##### Data #####

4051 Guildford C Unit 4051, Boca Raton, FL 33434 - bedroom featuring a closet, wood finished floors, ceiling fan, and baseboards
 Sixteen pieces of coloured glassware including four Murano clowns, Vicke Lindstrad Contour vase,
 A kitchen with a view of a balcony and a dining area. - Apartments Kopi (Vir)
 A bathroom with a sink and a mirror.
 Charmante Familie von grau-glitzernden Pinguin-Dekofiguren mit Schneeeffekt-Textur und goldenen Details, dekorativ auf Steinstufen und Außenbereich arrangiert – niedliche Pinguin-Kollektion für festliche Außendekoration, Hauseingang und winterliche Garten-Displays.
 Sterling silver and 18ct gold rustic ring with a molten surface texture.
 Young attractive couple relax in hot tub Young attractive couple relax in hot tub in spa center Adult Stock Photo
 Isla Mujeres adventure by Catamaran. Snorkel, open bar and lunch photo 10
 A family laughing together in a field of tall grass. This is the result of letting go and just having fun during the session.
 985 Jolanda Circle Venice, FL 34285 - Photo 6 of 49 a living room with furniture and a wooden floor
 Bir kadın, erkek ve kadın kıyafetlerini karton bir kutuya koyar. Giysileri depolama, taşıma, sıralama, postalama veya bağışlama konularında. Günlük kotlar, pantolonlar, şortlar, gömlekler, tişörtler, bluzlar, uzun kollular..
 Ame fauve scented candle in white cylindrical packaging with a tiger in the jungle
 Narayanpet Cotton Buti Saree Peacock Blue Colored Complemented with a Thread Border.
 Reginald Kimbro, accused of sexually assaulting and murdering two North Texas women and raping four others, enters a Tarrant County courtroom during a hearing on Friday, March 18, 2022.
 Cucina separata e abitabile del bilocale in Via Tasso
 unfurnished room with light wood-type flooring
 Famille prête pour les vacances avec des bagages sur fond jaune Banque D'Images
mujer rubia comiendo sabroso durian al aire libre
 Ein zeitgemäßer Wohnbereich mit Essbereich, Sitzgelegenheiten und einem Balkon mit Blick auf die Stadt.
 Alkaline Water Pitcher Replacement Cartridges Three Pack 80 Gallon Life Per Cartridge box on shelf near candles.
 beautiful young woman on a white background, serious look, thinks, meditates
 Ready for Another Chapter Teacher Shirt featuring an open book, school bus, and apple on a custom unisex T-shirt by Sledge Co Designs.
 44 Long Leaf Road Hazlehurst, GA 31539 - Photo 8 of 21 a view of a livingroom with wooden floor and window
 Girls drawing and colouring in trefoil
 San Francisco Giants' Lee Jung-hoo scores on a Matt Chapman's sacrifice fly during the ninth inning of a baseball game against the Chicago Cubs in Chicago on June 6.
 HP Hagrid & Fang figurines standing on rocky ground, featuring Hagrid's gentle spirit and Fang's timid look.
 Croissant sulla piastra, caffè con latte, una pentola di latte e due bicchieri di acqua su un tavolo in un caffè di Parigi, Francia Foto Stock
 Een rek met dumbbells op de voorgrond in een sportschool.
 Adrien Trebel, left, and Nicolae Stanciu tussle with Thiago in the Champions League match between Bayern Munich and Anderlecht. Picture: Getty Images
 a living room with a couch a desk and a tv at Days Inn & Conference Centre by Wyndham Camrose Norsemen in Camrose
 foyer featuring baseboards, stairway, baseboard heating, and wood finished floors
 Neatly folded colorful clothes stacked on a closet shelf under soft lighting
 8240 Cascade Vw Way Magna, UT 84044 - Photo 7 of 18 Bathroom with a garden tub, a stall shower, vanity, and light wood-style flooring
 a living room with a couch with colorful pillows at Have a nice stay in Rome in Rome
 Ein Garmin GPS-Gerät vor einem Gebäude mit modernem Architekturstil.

#####

### Task brief
From the entries, work out how many lines include the word "shelf", answering with the number only.

### Written solution
2